• **Your goal**:
From the entries below, write out exactly the lines between the line holding "Miniatura 12 de" and the line holding "Albion (12:1 Manual", inclusive, excluding any pictures.

• **Data**:

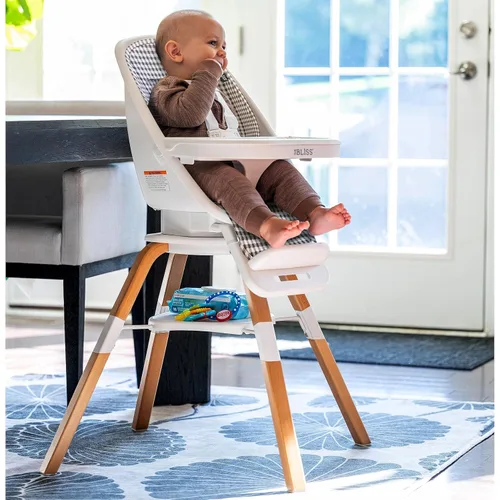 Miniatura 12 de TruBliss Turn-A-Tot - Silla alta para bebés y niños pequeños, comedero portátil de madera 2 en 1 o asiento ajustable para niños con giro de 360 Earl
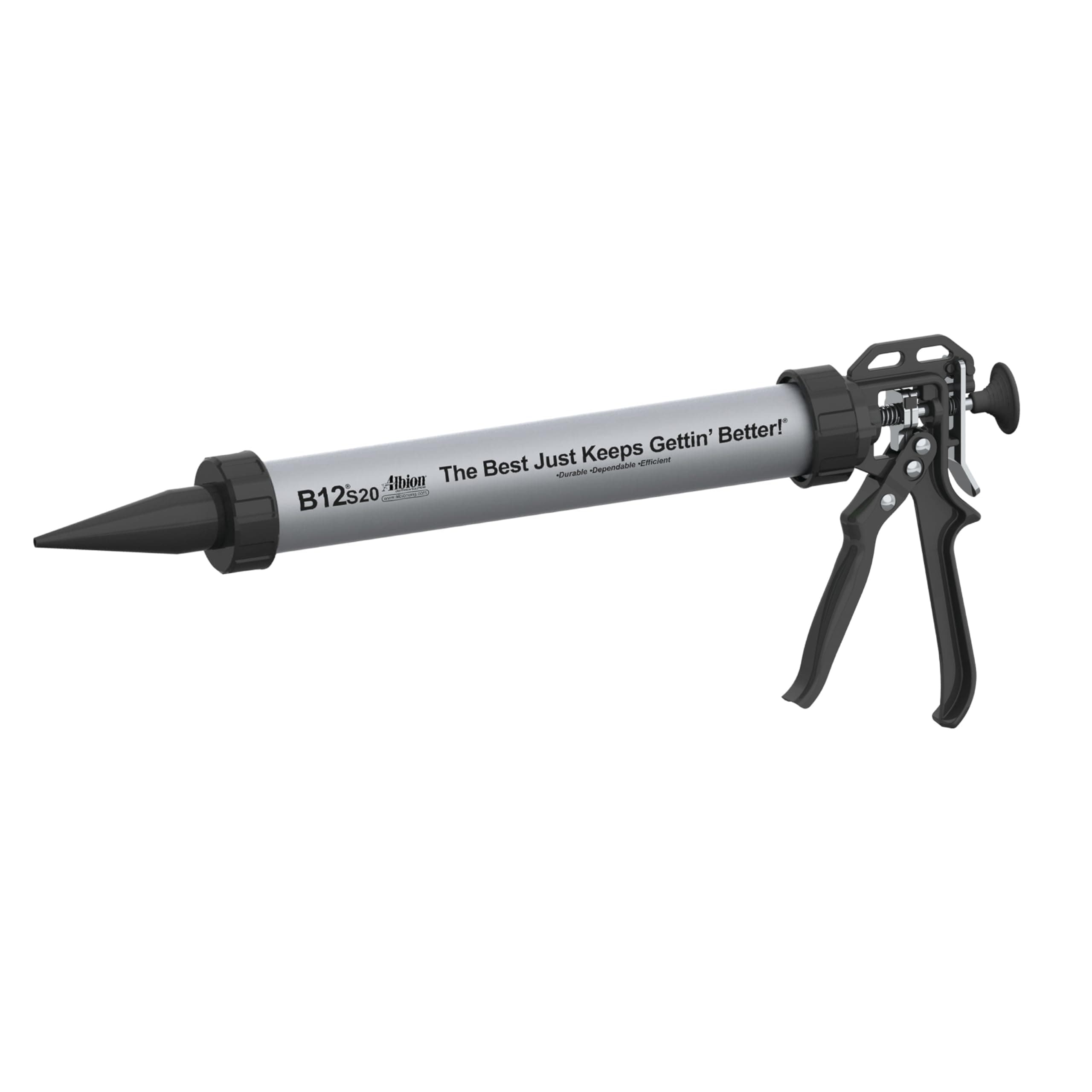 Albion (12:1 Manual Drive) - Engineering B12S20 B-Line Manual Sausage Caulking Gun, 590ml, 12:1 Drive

* * *

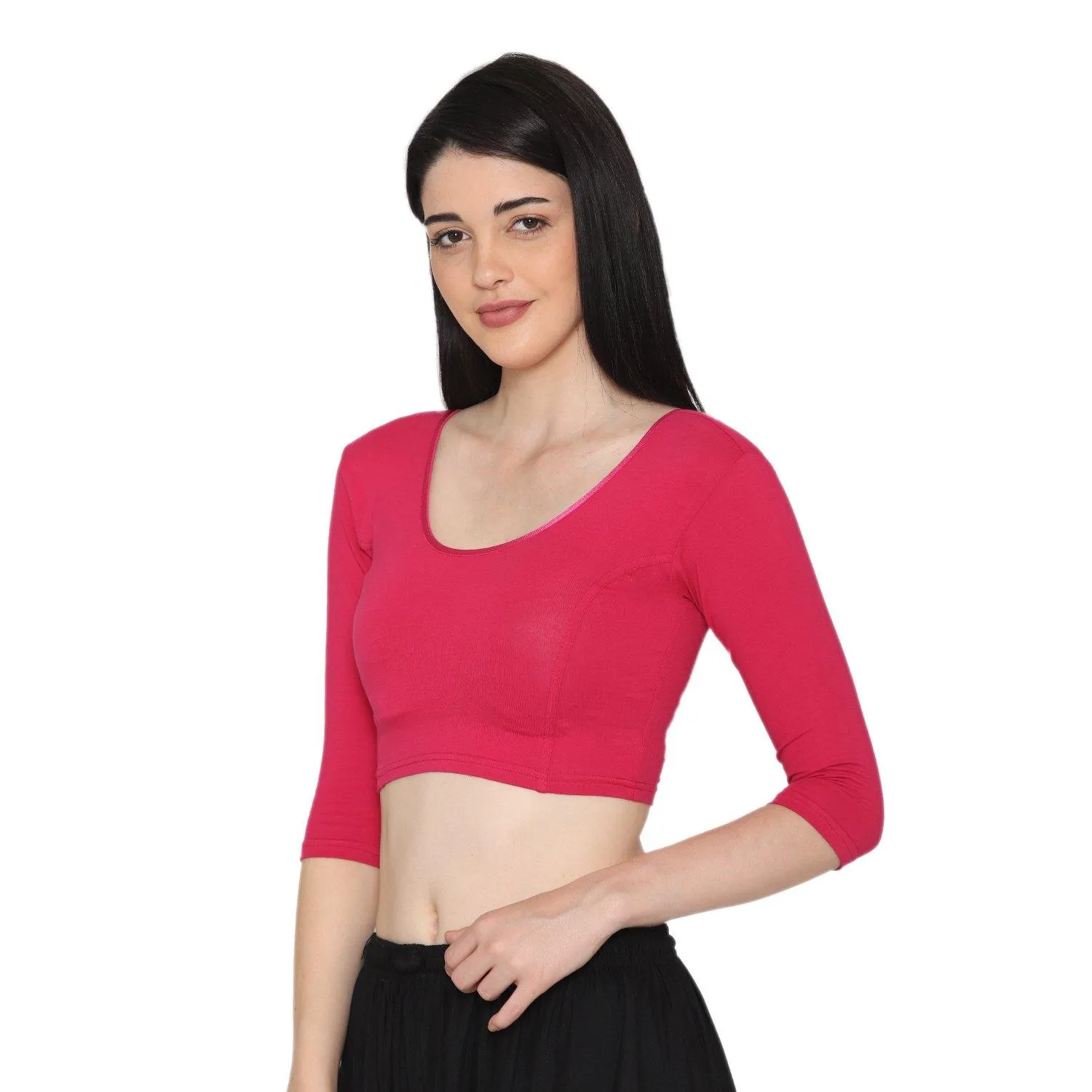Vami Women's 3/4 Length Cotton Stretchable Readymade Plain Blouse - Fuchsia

...

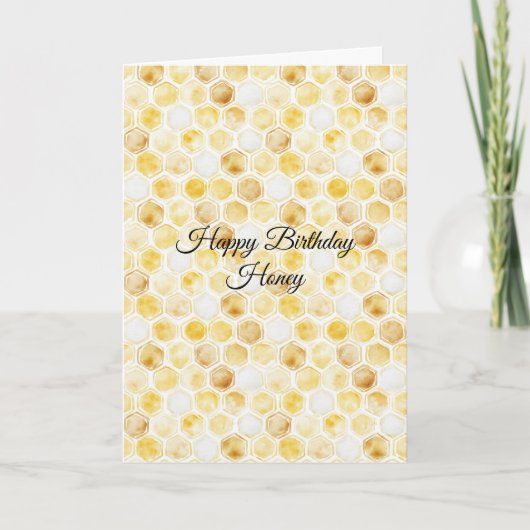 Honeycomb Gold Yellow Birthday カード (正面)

• **Answer box**:
 Miniatura 12 de TruBliss Turn-A-Tot - Silla alta para bebés y niños pequeños, comedero portátil de madera 2 en 1 o asiento ajustable para niños con giro de 360 Earl
 Albion (12:1 Manual Drive) - Engineering B12S20 B-Line Manual Sausage Caulking Gun, 590ml, 12:1 Drive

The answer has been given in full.